Books are traditionally printed on large sheets containing multiple pages which are then folded repeatedly until each page is in place. Technically, a ‘signature’ is a letter of the alphabet placed at the bottom of the first page of each sheet, denoting the order in which the sheets occur within the book. Today the sheets themselves are commonly referred to as signatures.
Part of the disappearing legacy of print technology, printers’ signatures also constitute an accidental form of encryption.

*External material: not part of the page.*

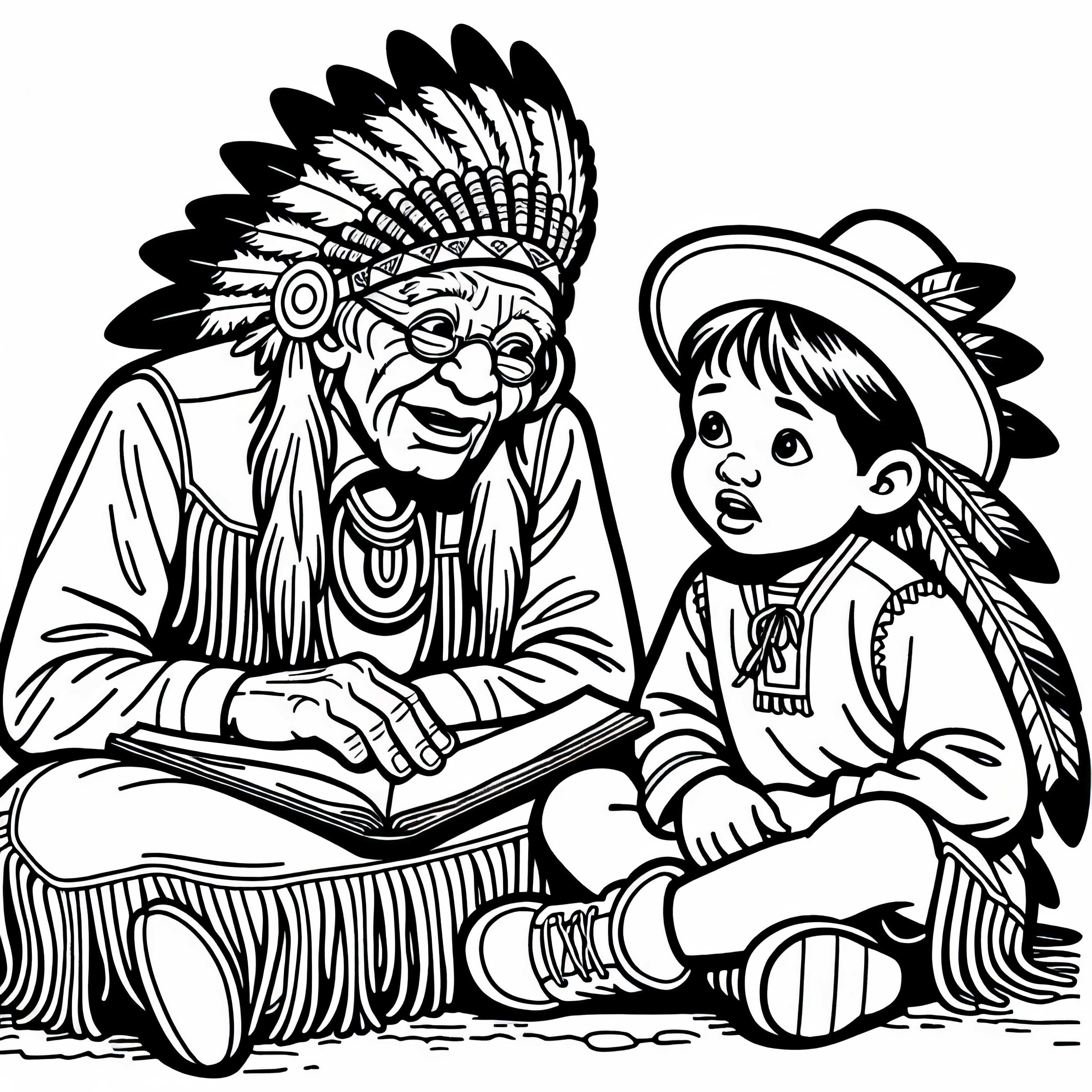 Il bambino ascolta con attenzione la storia che racconta un anziano nativo &ndash; Disegno da colorare indiano gratuito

Just as, faced with a signature sheet containing 8, 16, or 32 pages, it is difficult to work out which page will end up where (the ‘Printer’s Transformation’ as a primitive version of the Baker’s Transformation), once a number of signatures is gathered, the folded edges are trimmed off and the book takes on its final form as a linear series of single pages, information about the relation of pages to signatures and the original structure of the book is effectively lost—a paper trapdoor.
More recent print-on-demand technology dispenses with the use of signatures entirely, and of course in relation to ebooks they are an irrelevant archaism. And yet not only do signature foldings (8, 16, 32) have a certain relation to binary arithmetic, signatures can be used as a form of book cipher (or rather a pre-book cipher, since the information necessary for decoding is destroyed once the book is bound)
Extending the paradox of using the traditional litho print method to publish a book on digital art, the Artist’s Signature Edition of Proof of Work includes a hard copy of the book along with one of the 16-page print signatures (900 x 640mm) that make it up. Each signature is signed and annotated by the artist with the key to a crypto puzzle trail that leads to a numbered electronic edition of Proof of Work. Signatures can be unfolded and displayed as a double-sided poster.
16 signature editions were produced, each featuring a different signature from the book.